How do I choose a lawyer?


----------



## happy as a clam (Jan 5, 2014)

Word of mouth is the best way. Do you know someone who has been through a divorce and can make a recommendation? Is there an attorney in your town known as being "the" divorce lawyer to go to?

Not all lawyers have an equal skill set. You want to find someone who had a good outcome and was pleased with their representation. It has to be a good fit for you.


----------



## Jane139 (Jan 6, 2015)

I chose one who offered a free consultation...other charged about $300 to consult. I got lucky as I really like him. I later checked around and found his prices were the same or less than others and his reviews good. It is helpful if you know someone who has used a family law attorney, but if not...try for a free consult first, can't hurt and he helped me a lot. Have not yet hired him, but I will when ready.


----------



## Lost40 (Dec 27, 2014)

I went to the top law firm in our city, and asked them who their best was. She has been amazing, I love her.


----------



## Hopelessus (Oct 29, 2014)

I have one reference left a message today. Hopefully they give a free consult.
One question I have is about the 10 year. We have been married 9 year last October even though we separated in November and we lived together for 2 years before marriage. How does all of that apply to the 10 year mark. Does the separation (not legal) time count? Does the dating and engagement period where we were living together count?


----------



## Jane139 (Jan 6, 2015)

Hopelessus said:


> I have one reference left a message today. Hopefully they give a free consult.
> One question I have is about the 10 year. We have been married 9 year last October even though we separated in November and we lived together for 2 years before marriage. How does all of that apply to the 10 year mark. Does the separation (not legal) time count? Does the dating and engagement period where we were living together count?

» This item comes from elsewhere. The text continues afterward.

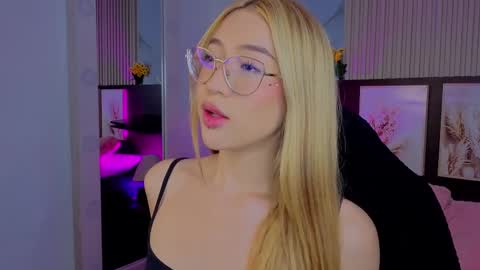 Snapshot of pink_as chatting on 16, 9, 2025 pink_as online show from 16, 9, 2025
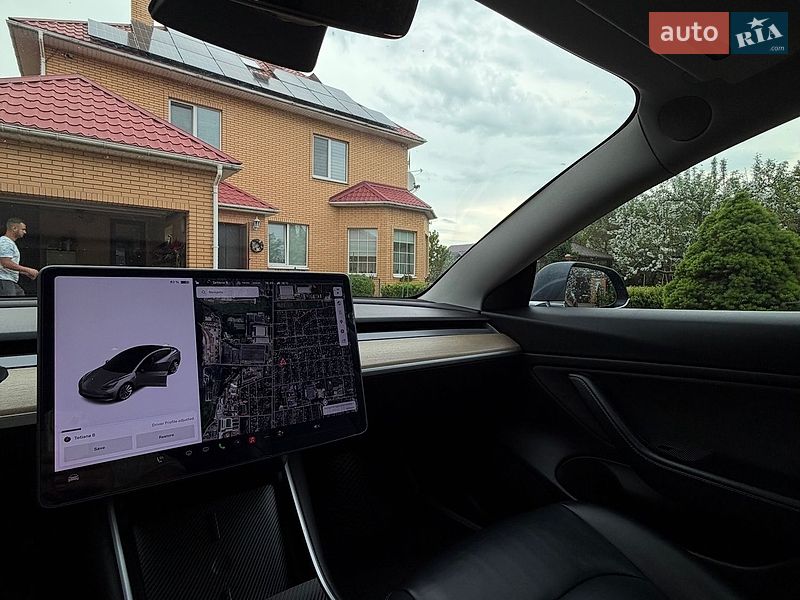 Седан Tesla Model 3 2018 в Броварах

It may depend on what state you live in. But the lawyer can help you with all of that. In the meantime, look up divorce procedures in your state.


----------



## shellgames (Sep 2, 2014)

Visit at least 3 for consultations. You will learn a lot about the process during this time as well. Ask good questions and dig.


----------



## Jane139 (Jan 6, 2015)

Also...in my case, having no children, I found out so much on my free consultation that if we (my husband and I) are in agreement on finances, I could even file the forms myself for a few hundred dollars. Legally, where I live, even if I reject any support now, it is never a closed issue, meaning that if I can't manage on my own after all, or if he suddenly gets a job that pays triple what he makes now, for example, I can request support later on. Just saying, it is really beneficial to get as much free legal advice as you can, and shop around. I obtained several quotes after meeting with the first guy, just to compare, and they were all very different. Not saying cheapest is best-but go with one with a fair price and that you connect with. The man I will hire, if I do, understands that I have no interest in causing my husband financial hardship or distress. He was under great stress and poor health during the last few years. He can finally retire this year if he wants to and I want him to have an enjoyable retirement, regardless of what happens with our situation. Anyway...my advice is to go with someone who is concerned with your wants and needs. Good luck.


----------



## EleGirl (Dec 3, 2011)

Hopelessus said:


> I have one reference left a message today. Hopefully they give a free consult.
> One question I have is about the 10 year. We have been married 9 year last October even though we separated in November and we lived together for 2 years before marriage. How does all of that apply to the 10 year mark. Does the separation (not legal) time count? Does the dating and engagement period where we were living together count?


This might help some

Alimony Guidelines in New York | DivorceNet.com

Also do a google search on "New York divorce alimony"

And then start reading. There are also books at book stores (amazon?) that address divorce in your state.

And no , the time you lived together before marriage does not count.


----------



## Pluto2 (Aug 17, 2011)

If you can't get a personal referral, call the local bar. Most attorneys have a professional rating and must disclose their rates.


----------